118 (Humphreys et al., 1999, Kenyon et al., 2002, Testerman et al., 2002). Several periplasmic chaperones belonging to the σE and Cpx regulons, originally identified in model E. coli strains, also have key contributions to

Salmonella pathogenicity (e.g. HtrA [DegP], Skp, SurA) (see 1.2 for Salmonella pathogenicity review).

Through the identification of novel Cpx regulated genes in S. Typhimurium one can add to the broader knowledge collected in distinct and related species, in addition to identifying Salmonella specific Cpx regulated genes. These specific genes could provide greater insights into how Salmonella spp. responds to environmental and envelope stresses, how this organism responds to stresses inflicted upon it from the host, and how it establishes infection.

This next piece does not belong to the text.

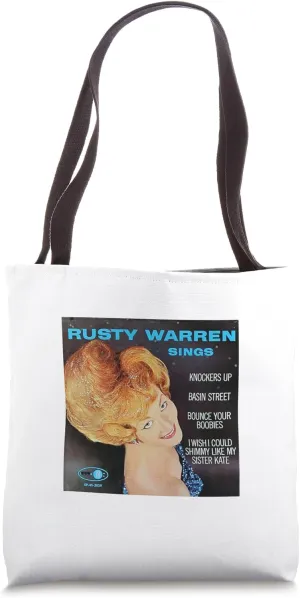 45 rpm record Knockers Up, Bounce Your Boobies vintage 1962 Tote Bag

This work ultimately aims to reveal new genes important for

Salmonella survival and pathogenesis, and consequently potential targets for

the treatment and prevention of Salmonella spp. infections.

3.2 Aim

The aim of this chapter was to 1) define the CpxR regulon in Salmonella Typhimurium to broaden our understanding of the physiological importance of Cpx and 2) to identify Salmonella specific, CpxR regulated genes.